Villagers and alleged war veterans aligned to Zimbabwe President Robert Mugabe's party have occupied a South African sugar firm's plantations in a move Harare condemned as "illegal" on Thursday.
"Scores" of people descended on South Africa-based Tongaat Hulett's estates 500 kilometers (310 miles) south east of Zimbabwe's capital on Monday, according to Lands and Rural Resettlement Minister Douglas Mombeshora.
"We received information that some people have illegally occupied land on the sugar estates and we have given very clear instructions that they must move off," Mombeshora told AFP.
"We have instructed the police to evict them. There have been some arrests and progress has been made to get all the illegal occupants out."
Tongaat Hulett spokeswoman Adelaide Chikunguru-Musvovi said the company was still functioning as normal.
"Our operations are continuing as usual. We have had no disruptions," she told AFP.
The illegal settlers claimed to have government permits allowing them to occupy the two estates in the flat lowlands, according to state-backed daily The Herald.
A war veterans association traditionally associated with the ruling ZANU-PF was reportedly part of the group.
Zimbabwe National Liberation War Veterans Association provincial chairman Francis Nando said they would stay on the estate until the authorities fulfilled earlier pledges to allocate them land from sugar cane plots.
"The political leadership is protecting Tongaat Hulett for reasons best known to themselves," he told The Herald.
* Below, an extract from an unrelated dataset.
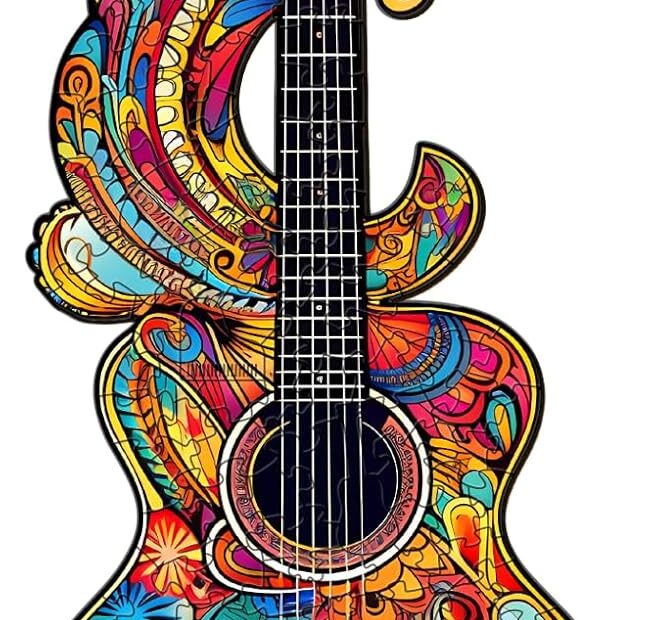 Tre puslespill-vakker gitar 66ec18e09f619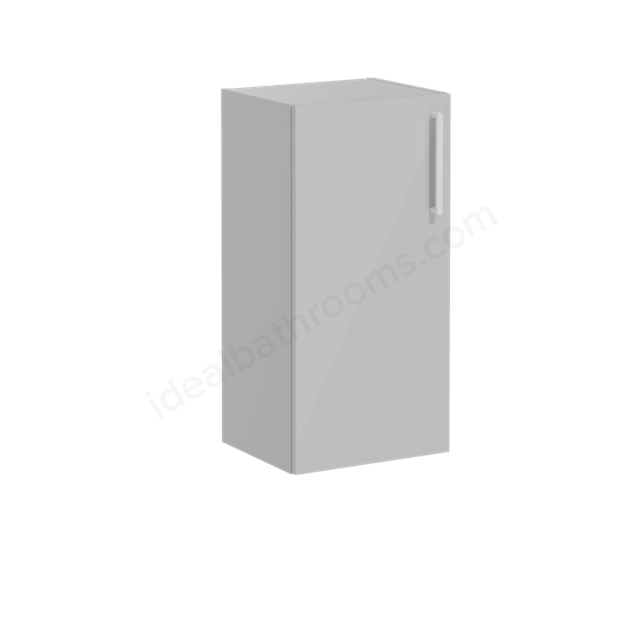 VitrA Root Flat Lower Unit Pearl Grey High Gloss, Left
He was unreachable for further comment.
The illegal settlement is reminiscent of farm invasions sanctioned by Mugabe in the early 2000s that prompted a mass exodus of white landowners from Zimbabwe.
Then, party loyalists seized and occupied white-owned commercial farms in often violent confrontations, which have been partly blamed for Zimbabwe's perennial food shortages.
The government's reaction this time contrasts with its backing of the seizures ten years ago.
Following those invasions, later formalized as the official land reform program, the government passed equity laws that compelled foreign companies to cede majority shares to local partners.
Government critics say the laws scare away potential investors from a struggling economy in dire need of foreign money.
Tongaat Hulett, which owns the whole Triangle estate and 50.3 percent in the Hippo Valley plantations, has come under repeated government pressure to give up its majority ownership.
The two operations together produce 640,000 tonnes of sugar a year.